Think samphire, kelp, algae, nori and sea purslane, which all give meals a whack of umami, as well as the use of seaweed as a seasoning over salt. And look out for niche emerging diet “seaganism”, a vegan diet incorporating sustainable seafood.
THE FUTURE OF PROTEIN A third of us are eating less meat and fish than two years ago, one in eight is vegetarian or vegan, and 21 per cent describe themselves as flexitarian. But we still need and want protein, and are looking for “fake” meats at both ends of the market.
Food consultant Lisa Harris of Harris & Hayes says: “A duality will emerge on the future of protein: big businesses will increasingly adopt hyper-processed meat alternatives, such as the Impossible Burger, for convenience food, but the higher-end, consumer-led market will be seeking ‘natural’, simpler solutions, such as Neil Rankin’s recent Simplicity Burger, a vegan burger restaurant, as an alternative protein.”

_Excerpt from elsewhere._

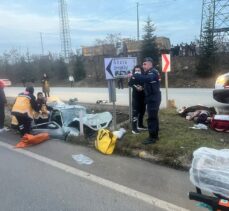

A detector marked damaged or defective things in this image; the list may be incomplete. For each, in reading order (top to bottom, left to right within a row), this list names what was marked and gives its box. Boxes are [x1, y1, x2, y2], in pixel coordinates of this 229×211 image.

damaged vehicle debris [31, 104, 112, 140]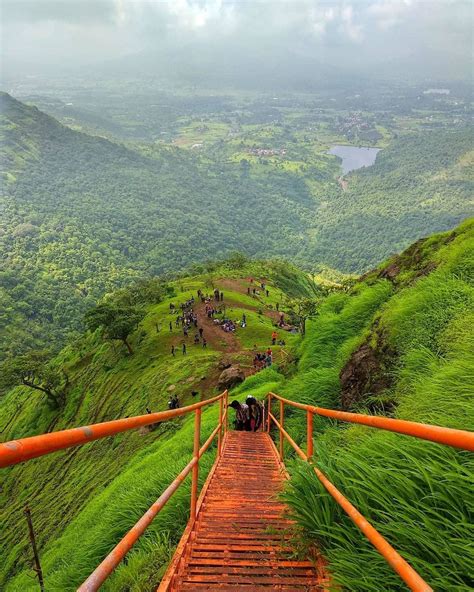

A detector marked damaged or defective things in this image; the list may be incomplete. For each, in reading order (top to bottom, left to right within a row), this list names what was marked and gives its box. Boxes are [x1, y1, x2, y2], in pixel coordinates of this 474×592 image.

rusty orange railing [0, 390, 230, 588]
rusty orange railing [266, 394, 474, 592]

NU WASTE There are many pretenders to a zerowaste lifestyle, but chef and pioneer Doug McMaster operates his kitchen at Silo in east London without a bin and has coined the phrase “Nu Waste” to describe his attitude. “It’s looking at waste not as something to bury into landfill, but seeing it as a material that has the opportunity to be reborn,” he says. McMaster has done this with plastic and glass, and produces no waste food, but acknowledges how hard it is for most restaurants to bin their bins without systemic change. Still, he has high hopes we can eliminate single-use plastic within a decade. You can read all about it in his book Silo: The Zero Waste Blueprint.
PORTUGAL Portugal was the only EU country that increased wine production in 2019 despite bad weather, and both volume and sales were up by over a third. Long overshadowed by the country’s reputation for port and the memory of Mateus Rosé, you’ll now find complex, crisp vinho verde and robust reds from the Dao and the Douro regions in supermarkets.
On the food side, we’ve fallen for Portugal’s custard tart, the pastel de nata. If you don’t already know where to get your hit, try pasteis at one of two new Santa Nata cafés in London’s Covent Garden, Portuguese Taste at Bristol’s St Nicholas Market - or Nando’s. The South African-owned, Portugal-inspired chain popularised chicken piri piri here and now it’s gone upmarket, with Casa do Frango in south London’s Bermondsey giving any Algarvian churrasqueira a run for its chicken.
SPREAD CENTRAL If you have a favourite ingredient that hasn’t been made into a butter yet, 2020 is the year it’ll happen, according to Whole Foods Market.
We’ve already tipped tahini for the big time, but look out for other seed butters, such as pumpkin, and new vegan spreads such as olive and sunflower ghee.